【刑事裁判】検察側の証拠を手に入れる方法

このページは弁護士 楠 洋一郎が執筆しています。

 

 

検察側の証拠をいつ見れるのか

裁判所は公判前に証拠を見れない

刑事裁判では、検察官が被告人が有罪であることを証明する責任があります。有罪であることを証明できなければ、無罪判決が下されます。刑事裁判では、事実の認定は証拠に基づいて行われますので、まずは立証責任を負っている検察官が証拠を準備し、裁判所にその取調べを請求します。

 

証拠の取調べは公判期日に行われます。検察官が証拠の取調べを請求すると、裁判所は弁護士の意見を求めます。裁判所は、弁護士の意見を聴いた上で、証拠の取調べを実施するかどうかを決めます。

 

先入観を排除するため、裁判所は公判前に検察側の証拠を見ることができません。公判で証拠調べ決定をしてはじめて証拠を見ることができるようになります。

 

弁護士は公判前に証拠を見ることができる

これに対して、弁護士は公判前に検察側の証拠を見ることができます。事前に証拠を見ることができなければ、効果的な弁護活動をすることができないですし、弁護士が検察官の証拠調べ請求に対して、適切な意見を言えないためです。

 

検察側の証拠を手に入れるまでの流れ

検察側の証拠が弁護士に開示されるタイミングは、起訴されてからおおむね3週間後になります。証拠の準備が整うと、検察事務官から弁護士に「開示の準備が整いました。」と電話が入ります。

 

凶器などの証拠物は、弁護士が検察庁の庁舎内で閲覧することができます。通常、写真撮影も許可されます。

 

供述調書などの証拠書類は、検察庁の庁舎内で、閲覧したり、コピーすることができます。東京地方検察庁では、庁舎内の謄写センターに有料でコピーを依頼することもできます。他の検察庁でも、司法協会や弁護士会、出入りの業者を通じて、証拠書類のコピーを依頼することができます。

 

コピー機を使って1枚1枚コピーしていると時間がかかってしまいますので、私選弁護士であれば、コピーを依頼するのが通常です。国選弁護士であれば費用を節約するために1枚1枚コピーする方もいます。

【検察側の証拠をコピーするまでの流れ】

7月1日

起訴

7月20日

検察事務官から弁護士へ電話連絡

7月21日

弁護士が謄写センターにコピーを依頼

7月23日

弁護士が謄写センターでコピーを取得

 

検察側の証拠を手に入れた後の流れ

弁護士が検察側証拠のコピーを手に入れた後は、被告人にも見てもらい、記憶と違っているところはないか検討してもらいます。

 

被告人の検討結果に基づき、弁護士が証拠意見書を作成し、公判期日に裁判所に提出します。事前に検察官にも提出しておきます。

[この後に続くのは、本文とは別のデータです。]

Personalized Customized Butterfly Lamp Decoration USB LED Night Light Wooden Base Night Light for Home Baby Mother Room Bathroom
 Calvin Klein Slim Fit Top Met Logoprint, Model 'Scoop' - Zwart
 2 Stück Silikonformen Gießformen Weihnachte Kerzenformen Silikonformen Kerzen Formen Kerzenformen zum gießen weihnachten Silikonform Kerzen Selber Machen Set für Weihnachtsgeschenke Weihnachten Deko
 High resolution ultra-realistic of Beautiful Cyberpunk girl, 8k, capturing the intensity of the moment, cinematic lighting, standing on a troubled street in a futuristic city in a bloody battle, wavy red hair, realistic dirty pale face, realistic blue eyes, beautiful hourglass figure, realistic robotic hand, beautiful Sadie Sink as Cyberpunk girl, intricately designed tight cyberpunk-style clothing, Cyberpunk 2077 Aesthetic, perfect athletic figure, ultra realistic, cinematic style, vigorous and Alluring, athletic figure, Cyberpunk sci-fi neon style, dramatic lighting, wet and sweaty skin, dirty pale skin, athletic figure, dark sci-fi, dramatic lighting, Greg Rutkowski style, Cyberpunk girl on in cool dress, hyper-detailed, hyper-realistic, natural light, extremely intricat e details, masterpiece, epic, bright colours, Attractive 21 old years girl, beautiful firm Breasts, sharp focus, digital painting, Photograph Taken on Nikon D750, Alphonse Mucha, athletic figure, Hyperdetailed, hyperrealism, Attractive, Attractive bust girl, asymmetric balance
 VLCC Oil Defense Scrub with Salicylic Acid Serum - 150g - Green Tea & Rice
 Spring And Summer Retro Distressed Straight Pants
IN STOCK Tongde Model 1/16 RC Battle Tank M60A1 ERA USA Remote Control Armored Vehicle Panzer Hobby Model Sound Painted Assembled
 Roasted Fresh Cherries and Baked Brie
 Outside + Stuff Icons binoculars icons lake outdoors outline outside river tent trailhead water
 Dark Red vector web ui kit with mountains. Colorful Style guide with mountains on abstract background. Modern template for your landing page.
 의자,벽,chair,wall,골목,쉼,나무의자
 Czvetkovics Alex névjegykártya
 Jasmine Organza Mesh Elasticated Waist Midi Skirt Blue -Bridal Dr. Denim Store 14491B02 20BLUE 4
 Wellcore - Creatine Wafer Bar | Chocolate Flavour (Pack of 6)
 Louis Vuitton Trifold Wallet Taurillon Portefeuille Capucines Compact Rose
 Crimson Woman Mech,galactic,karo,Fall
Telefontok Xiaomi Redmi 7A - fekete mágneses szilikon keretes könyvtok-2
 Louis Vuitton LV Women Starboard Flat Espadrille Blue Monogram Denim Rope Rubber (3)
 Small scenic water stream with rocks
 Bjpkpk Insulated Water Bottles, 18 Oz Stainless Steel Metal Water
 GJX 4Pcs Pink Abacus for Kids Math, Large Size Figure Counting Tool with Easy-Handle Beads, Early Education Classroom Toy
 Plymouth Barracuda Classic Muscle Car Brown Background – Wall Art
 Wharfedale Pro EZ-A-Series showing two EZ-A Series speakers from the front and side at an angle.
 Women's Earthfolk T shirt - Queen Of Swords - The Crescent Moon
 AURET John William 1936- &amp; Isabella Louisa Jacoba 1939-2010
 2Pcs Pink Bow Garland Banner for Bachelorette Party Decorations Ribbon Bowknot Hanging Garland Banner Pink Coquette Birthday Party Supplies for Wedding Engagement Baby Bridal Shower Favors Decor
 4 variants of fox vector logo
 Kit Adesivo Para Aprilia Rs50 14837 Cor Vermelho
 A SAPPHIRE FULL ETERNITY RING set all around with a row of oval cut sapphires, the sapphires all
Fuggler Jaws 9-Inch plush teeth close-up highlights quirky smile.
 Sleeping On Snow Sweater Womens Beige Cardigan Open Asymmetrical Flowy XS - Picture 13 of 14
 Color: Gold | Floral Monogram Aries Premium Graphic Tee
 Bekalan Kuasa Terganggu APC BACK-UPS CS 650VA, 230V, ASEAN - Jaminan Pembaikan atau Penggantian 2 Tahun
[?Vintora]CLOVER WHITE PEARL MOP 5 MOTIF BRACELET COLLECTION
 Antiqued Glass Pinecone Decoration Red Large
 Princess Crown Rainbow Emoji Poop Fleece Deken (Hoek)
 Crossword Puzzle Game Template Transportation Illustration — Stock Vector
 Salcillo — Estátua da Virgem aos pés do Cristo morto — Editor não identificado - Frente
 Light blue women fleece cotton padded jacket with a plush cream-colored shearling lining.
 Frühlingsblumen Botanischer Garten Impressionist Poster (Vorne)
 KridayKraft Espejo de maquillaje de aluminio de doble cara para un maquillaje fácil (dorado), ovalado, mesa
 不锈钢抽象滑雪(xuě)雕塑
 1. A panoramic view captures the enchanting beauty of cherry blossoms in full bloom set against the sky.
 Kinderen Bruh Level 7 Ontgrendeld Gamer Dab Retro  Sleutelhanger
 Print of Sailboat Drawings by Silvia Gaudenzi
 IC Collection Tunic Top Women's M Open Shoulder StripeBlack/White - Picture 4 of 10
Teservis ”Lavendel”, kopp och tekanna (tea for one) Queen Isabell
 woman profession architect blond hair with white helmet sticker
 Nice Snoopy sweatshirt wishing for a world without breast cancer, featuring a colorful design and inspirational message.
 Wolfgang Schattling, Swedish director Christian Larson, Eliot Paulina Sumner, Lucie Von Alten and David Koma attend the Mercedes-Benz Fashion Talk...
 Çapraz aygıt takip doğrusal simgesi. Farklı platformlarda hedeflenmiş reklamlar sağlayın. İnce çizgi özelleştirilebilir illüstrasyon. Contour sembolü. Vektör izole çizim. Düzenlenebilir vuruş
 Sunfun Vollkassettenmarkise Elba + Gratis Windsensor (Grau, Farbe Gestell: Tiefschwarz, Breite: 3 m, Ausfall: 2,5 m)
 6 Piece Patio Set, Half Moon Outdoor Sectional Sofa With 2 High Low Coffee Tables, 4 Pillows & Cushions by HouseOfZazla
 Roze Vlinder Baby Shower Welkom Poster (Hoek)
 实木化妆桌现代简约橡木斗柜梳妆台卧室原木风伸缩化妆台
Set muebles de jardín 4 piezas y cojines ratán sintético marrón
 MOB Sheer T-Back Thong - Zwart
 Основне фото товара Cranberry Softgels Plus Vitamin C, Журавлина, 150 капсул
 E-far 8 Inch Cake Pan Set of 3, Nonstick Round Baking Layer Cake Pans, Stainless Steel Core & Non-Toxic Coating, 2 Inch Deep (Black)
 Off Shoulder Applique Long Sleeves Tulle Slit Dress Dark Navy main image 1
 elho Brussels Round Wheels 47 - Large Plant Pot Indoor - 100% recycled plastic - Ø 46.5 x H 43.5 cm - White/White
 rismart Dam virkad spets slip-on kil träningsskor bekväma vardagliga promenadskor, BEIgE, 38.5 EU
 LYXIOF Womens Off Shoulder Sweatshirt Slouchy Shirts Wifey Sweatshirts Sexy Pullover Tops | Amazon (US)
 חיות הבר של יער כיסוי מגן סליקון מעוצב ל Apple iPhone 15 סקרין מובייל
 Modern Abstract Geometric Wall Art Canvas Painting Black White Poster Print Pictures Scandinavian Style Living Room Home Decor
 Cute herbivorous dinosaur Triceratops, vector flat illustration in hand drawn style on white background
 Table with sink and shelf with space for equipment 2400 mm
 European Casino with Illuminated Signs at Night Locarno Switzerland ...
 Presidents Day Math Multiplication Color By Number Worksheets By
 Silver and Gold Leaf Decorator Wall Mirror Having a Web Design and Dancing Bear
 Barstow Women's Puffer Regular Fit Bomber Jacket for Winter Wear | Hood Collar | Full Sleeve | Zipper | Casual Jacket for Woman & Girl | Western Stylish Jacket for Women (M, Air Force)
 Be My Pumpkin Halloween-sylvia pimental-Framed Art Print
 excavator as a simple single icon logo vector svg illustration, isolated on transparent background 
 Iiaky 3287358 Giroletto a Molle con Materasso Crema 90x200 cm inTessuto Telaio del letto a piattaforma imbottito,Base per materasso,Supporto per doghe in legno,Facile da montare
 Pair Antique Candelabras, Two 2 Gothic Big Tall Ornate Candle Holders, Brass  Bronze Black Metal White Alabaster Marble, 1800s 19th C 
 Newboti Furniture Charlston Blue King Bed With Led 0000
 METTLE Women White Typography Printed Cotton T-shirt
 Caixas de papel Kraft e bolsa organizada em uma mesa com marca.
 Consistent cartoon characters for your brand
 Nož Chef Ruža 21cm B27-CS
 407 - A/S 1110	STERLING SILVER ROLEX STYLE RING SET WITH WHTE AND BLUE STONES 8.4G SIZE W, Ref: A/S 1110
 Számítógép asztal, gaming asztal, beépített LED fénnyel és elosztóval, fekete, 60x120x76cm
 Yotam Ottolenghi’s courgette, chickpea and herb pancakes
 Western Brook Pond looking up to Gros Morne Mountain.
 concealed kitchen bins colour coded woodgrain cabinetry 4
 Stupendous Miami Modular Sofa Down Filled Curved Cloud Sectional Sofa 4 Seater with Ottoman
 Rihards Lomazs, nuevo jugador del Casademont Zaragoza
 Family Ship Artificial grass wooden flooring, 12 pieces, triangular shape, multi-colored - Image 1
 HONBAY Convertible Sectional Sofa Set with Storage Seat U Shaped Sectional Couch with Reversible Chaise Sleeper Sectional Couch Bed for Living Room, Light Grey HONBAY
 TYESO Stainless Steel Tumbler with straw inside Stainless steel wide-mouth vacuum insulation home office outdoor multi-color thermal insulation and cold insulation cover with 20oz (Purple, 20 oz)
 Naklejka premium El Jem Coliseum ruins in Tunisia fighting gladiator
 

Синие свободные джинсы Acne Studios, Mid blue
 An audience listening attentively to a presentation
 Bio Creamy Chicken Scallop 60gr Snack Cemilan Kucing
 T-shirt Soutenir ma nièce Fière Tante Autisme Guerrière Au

検察官は、弁護士の証拠意見書を見た上で、公判期日で証拠調べ請求を維持するのか、撤回するのかを検討します。

 

検察側の証拠と弁護士費用

証拠のコピー費用は事件によって様々です。単純な事件であれば数千円~1,2万円程度ですが、事件によってはコピー代だけで10万円以上かかることもあります。コピー代については、法律事務所によっては弁護士費用に最初から含まれている場合もありますし、「実費」として別途請求される場合もあります。

 

ウェルネス法律事務所では、原則としてコピー費用も弁護士費用に含まれていますが、高額になる場合は依頼者にご負担いただくこともあります。